## Task statement
Once you have read the data below, please repeat all of it exactly.

## Information provided
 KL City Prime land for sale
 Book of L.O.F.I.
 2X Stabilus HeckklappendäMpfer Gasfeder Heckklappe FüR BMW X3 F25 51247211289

## Output of the exercise
 KL City Prime land for sale
 Book of L.O.F.I.
 2X Stabilus HeckklappendäMpfer Gasfeder Heckklappe FüR BMW X3 F25 51247211289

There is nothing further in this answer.